Ultimately you could have the tension of the tape held by the final, say, fifteen rows of bristles; if you are able to wrap the tape separately over each row (perhaps with a curved tape shape and bristles more resembling a cycloid than the involute of a circle) then you could apply the downward force on the tape against only one row of bristles at a time. (Ideally the rows would be diagonal so that this is a smooth experience.) If the ramp of the bristles, relative to the involute or cycloid or whatever, is 20:1, then the row of bristles gives you a mechanical advantage of 20:1, while the 15 rows of bristles give you an additional mechanical advantage of 15:1, for a total of 300:1.

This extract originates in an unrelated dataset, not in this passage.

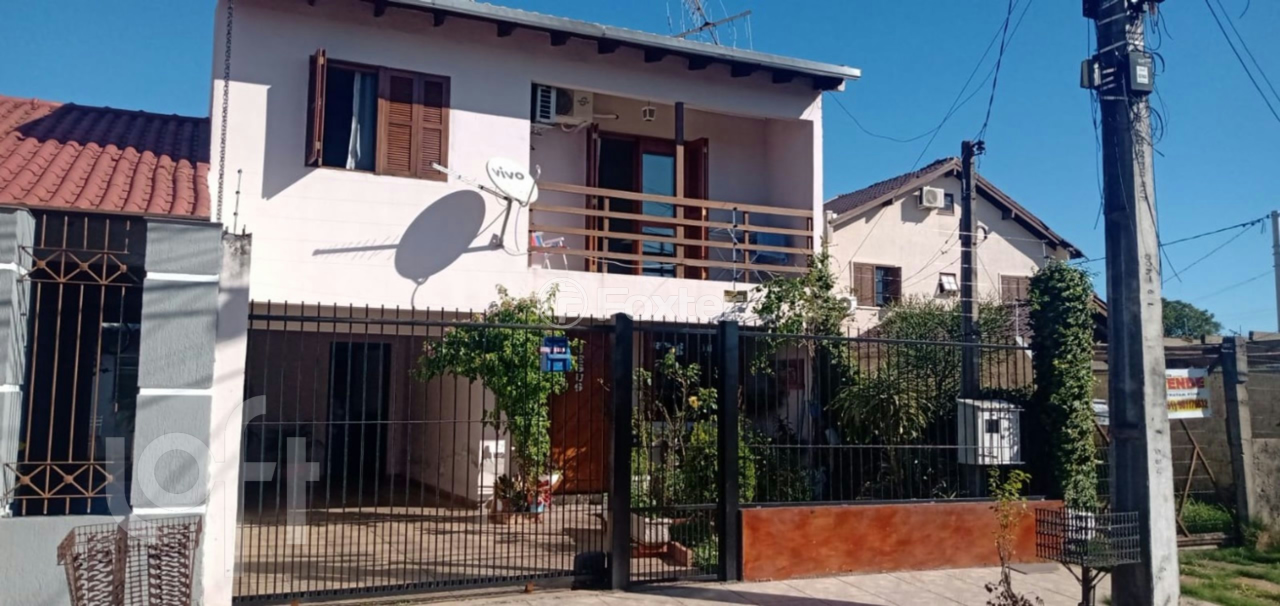 Casa à venda com 3 quartos, 185m² - Foto 1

This is better than the mechanical advantage of a screwdriver with a 25mm-diameter handle driving a 1-mm-thread-pitch screw, which is only about 79. It’s more like using a small 5-cm-long wrench to drive a 1-mm-thread-pitch screw. That is to say, this is a fastening device that could easily replace the screw in many applications, unless I’m overlooking something.

If you can wrap the tape, say, five times around, before putting the holey part on top of the bristley part, then you have potentially an additional 5:1 mechanical advantage, which is like using a 25-cm-long wrench to drive a 1mm-thread-pitch screw. I’m not quite sure how you could do this, but I suspect it’s possible.

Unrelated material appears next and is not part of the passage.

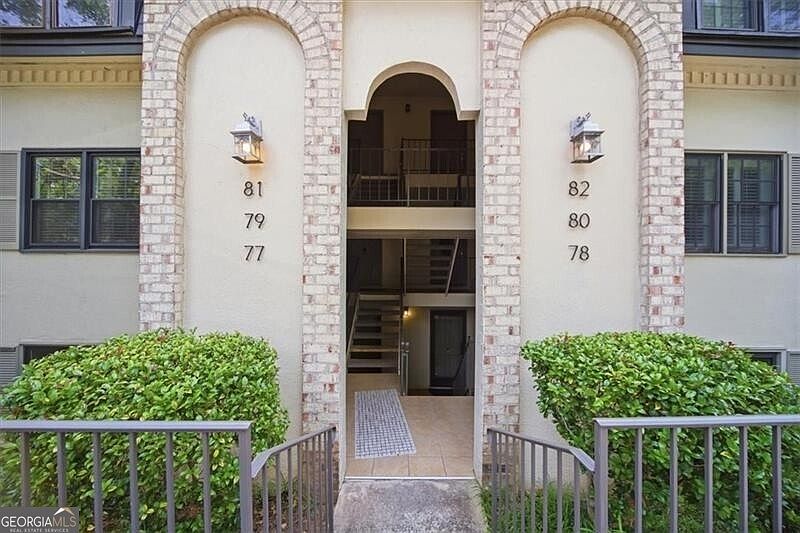 1st image of 80 Chaumont Sq NW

If you have lateral freedom in where to connect the holey tape and the bristley tape, the aforementioned diagonality of the bristle rows can give you fine-tuning of the distance, with greater precision but less convenience than a screw. If the bristles are 1mm diameter with 2mm spacing and the rows are 20 bristles wide, then each bristle to the left or right in a row could be 50μm ahead or behind of its neighbor, providing you with that degree of fine-tuning of the distance, at the cost of some loss of strength (or doubling the width of one of the tape components).